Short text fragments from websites
==================================================
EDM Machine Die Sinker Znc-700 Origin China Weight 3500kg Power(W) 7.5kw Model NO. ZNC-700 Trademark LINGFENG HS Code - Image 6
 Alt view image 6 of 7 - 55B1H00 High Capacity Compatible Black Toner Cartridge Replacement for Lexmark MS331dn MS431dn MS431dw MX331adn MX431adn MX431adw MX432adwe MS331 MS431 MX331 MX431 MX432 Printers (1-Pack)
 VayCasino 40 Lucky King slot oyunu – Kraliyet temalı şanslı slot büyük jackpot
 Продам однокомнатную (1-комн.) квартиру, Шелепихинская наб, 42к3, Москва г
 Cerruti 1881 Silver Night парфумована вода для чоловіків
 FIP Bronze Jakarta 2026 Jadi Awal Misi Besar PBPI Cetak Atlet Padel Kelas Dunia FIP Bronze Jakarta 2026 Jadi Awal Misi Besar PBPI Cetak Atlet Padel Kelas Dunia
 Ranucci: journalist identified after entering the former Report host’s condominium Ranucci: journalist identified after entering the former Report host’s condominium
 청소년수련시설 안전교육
==================================================
Nothing but an exact copy of the lines from the start of the entries through the line containing "Kelas Dunia FIP" belongs in the response.

◆ **OUTPUT OF THE TASK**:
EDM Machine Die Sinker Znc-700 Origin China Weight 3500kg Power(W) 7.5kw Model NO. ZNC-700 Trademark LINGFENG HS Code - Image 6
 Alt view image 6 of 7 - 55B1H00 High Capacity Compatible Black Toner Cartridge Replacement for Lexmark MS331dn MS431dn MS431dw MX331adn MX431adn MX431adw MX432adwe MS331 MS431 MX331 MX431 MX432 Printers (1-Pack)
 VayCasino 40 Lucky King slot oyunu – Kraliyet temalı şanslı slot büyük jackpot
 Продам однокомнатную (1-комн.) квартиру, Шелепихинская наб, 42к3, Москва г
 Cerruti 1881 Silver Night парфумована вода для чоловіків
 FIP Bronze Jakarta 2026 Jadi Awal Misi Besar PBPI Cetak Atlet Padel Kelas Dunia FIP Bronze Jakarta 2026 Jadi Awal Misi Besar PBPI Cetak Atlet Padel Kelas Dunia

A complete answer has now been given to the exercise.